Las instrucciones de uso del volumen confirman una voluntad de ir al grano, de organizarse desde cuánto ir sacando de la heladera para tener lista la mise en place (término que si no aprendimos en academias, nos enseñó alguna plataforma), es decir, todo dispuesto antes de empezar, pero, fundamental, disfrutando del proceso. Lejos del juicio implacable de la figura mediática, el juego acá tiene reglas más laxas: “Cociná con ganas, observá con atención y tratá de hacer lo mejor que puedas”. Revisando tapes de Lucía Soria no es difícil toparse con consejos atendibles que también la perfilan, como la preocupación por colocar distintas texturas en una misma preparación, igual que el despliegue de nociones con otro grado de arbitrariedad o picardía, como que “las cosas en un plato tienen que ser impares porque así lo dicen los japoneses”. Del mismo modo, en su libro comparte caminos posibles y piques, técnicas de corte y estructuras de trabajo, mientras brinda libertad para buscar, por ejemplo, la proporción justa en que cada uno considera hacer intervenir los condimentos. Pero decide y anticipa que, aunque siendo argentina y viviendo en Uruguay, donde la cultura de la carne impera, el apartado sobre animales de tierra es breve ya que abusamos de su consumo.

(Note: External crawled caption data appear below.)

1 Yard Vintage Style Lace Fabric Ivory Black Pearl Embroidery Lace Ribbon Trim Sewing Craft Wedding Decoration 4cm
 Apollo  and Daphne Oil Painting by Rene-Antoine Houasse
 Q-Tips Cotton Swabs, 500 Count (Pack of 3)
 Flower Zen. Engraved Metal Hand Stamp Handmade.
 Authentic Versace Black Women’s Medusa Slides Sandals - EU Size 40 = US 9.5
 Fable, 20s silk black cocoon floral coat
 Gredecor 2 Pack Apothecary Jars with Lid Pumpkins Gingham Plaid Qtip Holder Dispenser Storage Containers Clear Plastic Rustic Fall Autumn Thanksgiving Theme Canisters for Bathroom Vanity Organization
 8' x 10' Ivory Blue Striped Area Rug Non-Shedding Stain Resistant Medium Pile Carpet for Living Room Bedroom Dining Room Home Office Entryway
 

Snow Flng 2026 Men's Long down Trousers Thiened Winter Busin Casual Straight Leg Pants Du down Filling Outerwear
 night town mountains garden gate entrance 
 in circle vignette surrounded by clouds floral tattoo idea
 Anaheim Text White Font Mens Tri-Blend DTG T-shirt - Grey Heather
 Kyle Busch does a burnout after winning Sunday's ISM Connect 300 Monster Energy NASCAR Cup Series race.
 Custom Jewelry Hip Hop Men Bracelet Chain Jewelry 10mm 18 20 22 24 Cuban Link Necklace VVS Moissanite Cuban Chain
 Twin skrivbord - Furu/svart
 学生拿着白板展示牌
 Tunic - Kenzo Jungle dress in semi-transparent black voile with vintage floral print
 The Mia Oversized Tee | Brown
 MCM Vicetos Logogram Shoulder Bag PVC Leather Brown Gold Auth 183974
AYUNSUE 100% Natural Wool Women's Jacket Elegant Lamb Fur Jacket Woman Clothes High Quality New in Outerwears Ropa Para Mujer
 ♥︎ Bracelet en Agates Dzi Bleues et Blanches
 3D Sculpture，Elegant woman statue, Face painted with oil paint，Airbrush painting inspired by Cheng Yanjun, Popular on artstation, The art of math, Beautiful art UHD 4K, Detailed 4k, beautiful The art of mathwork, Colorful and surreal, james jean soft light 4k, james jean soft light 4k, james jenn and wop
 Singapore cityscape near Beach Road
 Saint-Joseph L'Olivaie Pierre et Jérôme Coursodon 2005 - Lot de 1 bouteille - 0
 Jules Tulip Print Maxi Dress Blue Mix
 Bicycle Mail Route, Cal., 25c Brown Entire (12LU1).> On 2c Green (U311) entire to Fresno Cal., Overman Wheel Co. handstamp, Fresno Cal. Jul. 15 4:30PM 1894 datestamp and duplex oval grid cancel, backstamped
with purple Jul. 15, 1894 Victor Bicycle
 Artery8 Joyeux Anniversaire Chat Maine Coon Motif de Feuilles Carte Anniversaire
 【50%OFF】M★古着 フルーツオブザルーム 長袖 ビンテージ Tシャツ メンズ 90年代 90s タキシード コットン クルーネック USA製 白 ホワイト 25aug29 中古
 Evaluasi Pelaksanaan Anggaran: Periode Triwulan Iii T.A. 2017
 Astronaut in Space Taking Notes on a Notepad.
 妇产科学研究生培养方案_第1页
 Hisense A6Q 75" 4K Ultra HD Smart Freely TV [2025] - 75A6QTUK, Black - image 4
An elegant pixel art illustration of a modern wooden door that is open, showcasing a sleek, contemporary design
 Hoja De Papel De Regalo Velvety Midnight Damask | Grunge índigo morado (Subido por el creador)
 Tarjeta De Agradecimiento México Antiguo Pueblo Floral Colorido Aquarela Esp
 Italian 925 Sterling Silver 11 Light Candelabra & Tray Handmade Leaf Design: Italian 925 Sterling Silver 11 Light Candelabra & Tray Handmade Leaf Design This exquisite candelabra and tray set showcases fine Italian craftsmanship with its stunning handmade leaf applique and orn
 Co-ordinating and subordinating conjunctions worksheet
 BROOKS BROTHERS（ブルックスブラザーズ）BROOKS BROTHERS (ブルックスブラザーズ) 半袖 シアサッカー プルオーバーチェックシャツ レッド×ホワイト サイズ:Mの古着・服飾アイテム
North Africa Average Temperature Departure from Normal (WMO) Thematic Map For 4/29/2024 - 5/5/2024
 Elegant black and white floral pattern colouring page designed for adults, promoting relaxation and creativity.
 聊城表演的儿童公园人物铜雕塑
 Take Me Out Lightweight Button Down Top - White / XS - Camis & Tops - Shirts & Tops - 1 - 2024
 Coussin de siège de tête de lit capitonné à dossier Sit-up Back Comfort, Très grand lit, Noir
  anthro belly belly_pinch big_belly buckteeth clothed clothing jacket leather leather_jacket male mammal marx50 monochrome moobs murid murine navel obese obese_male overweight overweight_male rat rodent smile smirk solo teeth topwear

Así, al aire de la chef, el lector encontrará, pasando revista a unas 80 recetas de diversa dificultad, muchos panes y postres, la “fórmula para hacer una buena ensalada” o para logar una vinagreta, pastas, frutos de mar, pero, sobre todo, una cantidad de formas de ponerle gracia a un plato, a la que no casualmente Soria y sus editores agrupan en el capítulo uno como básicos. Entre esos básicos figura la pangritata, el labneh, las alcaparras fritas, los chips de ajo, la salsa romesco, el confit de limón, la criolla de zucchini. Hay que reconocer en esos detalles todo eso que además de las flores en el salón, la luz de los ventanales, el servicio, la calidad del producto, el equilibrio de las combinaciones, hizo que esquinas como las del restaurante Jacinto fueran punto de referencia en la plaza gastronómica de Montevideo mucho antes de que su dueña tuviera frecuencia semanal ante las cámaras. La posibilidad de replicarlo en la propia mesada, o acumular experiencia en el intento, no parece ser un mal plan.